"Oh, about eight days."

The soldier moved uneasily, and the nurse in him became uppermost.

"I guess the Lieutenant hadn't better talk any more," he said. It was his voice now which held authority.

The Lieutenant looked out at the palms and the silent gloomy mountains and the empty coast-line, where the same wave was rising and falling with weary persistence.

"Eight days," he said. His eyes shut quickly, as though with a sudden touch of pain. He turned his head and sought for the figure at the foot of the cot. Already the figure had grown faint and was receding and swaying.

"Has any one written or cabled?" the Lieutenant spoke, hurriedly. He was fearful lest the figure should disappear altogether before he could obtain his answer. "Has any one come?"

"Why, they couldn't get here, Lieutenant, not yet."

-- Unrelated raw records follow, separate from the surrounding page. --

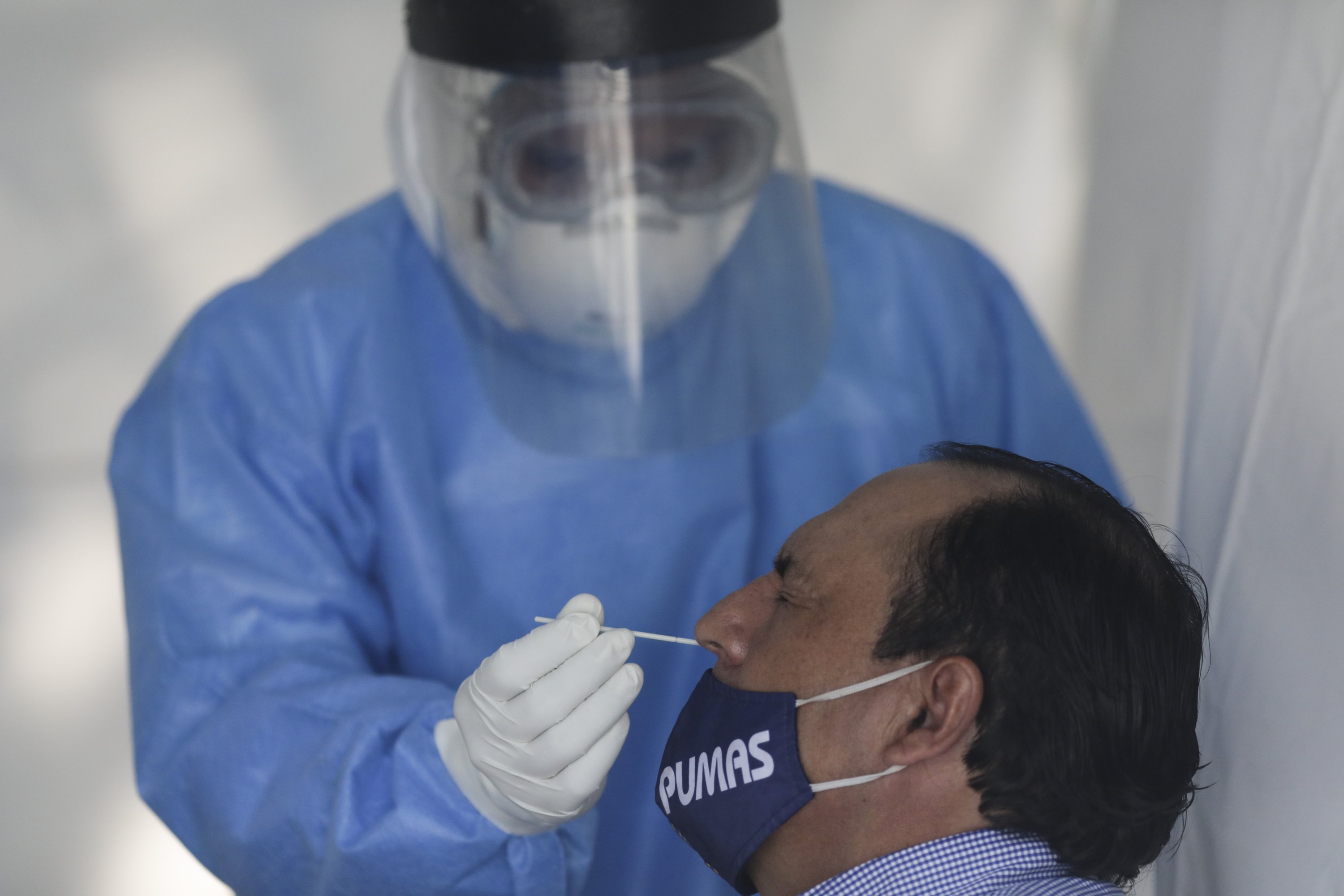 Mexico City closes bars, limits eateries as virus cases rise AP News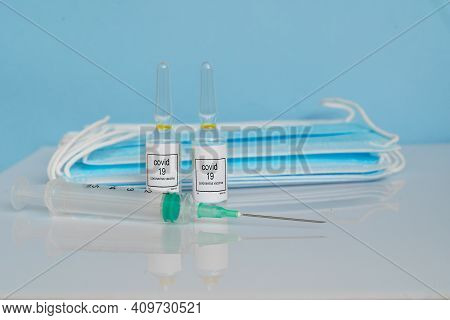 Vaccine, Maskas And Syringe, Prevention, Immunization And Treatment From Coronavirus Covid 19 Infect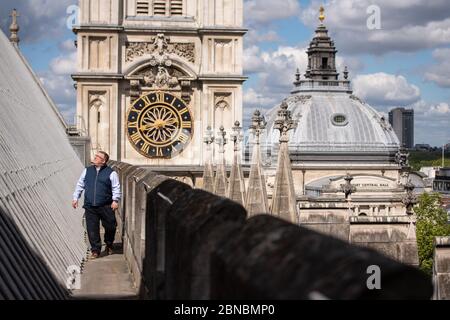 Clerk of the Works Ian Bartlett inspects the main nave roof near the Hawksmoor Towers at Westminster Abbey in London, where a small, dedicated team remains on site in order to care for the 750-year-old building while it is closed during the coronavirus crisis. Stock Photo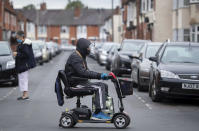 A man wearing a protective visor crosses the road on a mobility scooter, England, Monday June 29, 2020. The British government is reimposing lockdown restrictions in the central England city of Leicester after a spike in coronavirus infections, including the closure of shops that don’t sell essential goods and schools. (Joe Giddens/PA via AP)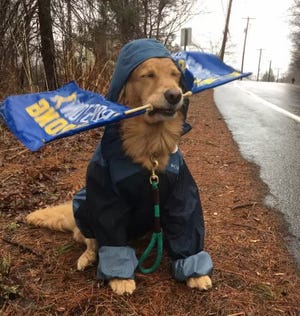 Spencer, wearing his rain coat, in a photo that went viral during the 2018 Boston Marathon.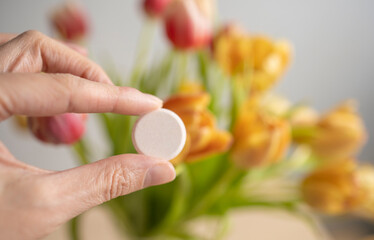 round large tablet, vitamin in the girl's hand, against the background of yellow tulips, indoors. Flu and cold season, new virus strain. Lack of vitamins in spring and winter, uncontrolled medication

The voice came very faintly. "You go to sleep now, and I'll run and fetch some letters and telegrams. When you wake up, maybe I'll have a lot for you."

But the Lieutenant caught the nurse by the wrist, and crushed his hand in his own thin fingers. They were hot, and left the steward's skin wet with perspiration. The Lieutenant laughed gayly.

"You see, Doctor," he said, briskly, "that you can't kill me. I can't die. I've got to live, you understand. Because, sir, she said she would come. She said if I was wounded, or if I was ill, she would come to me. She didn't care what people thought. She would come anyway and nurse me—well, she will come.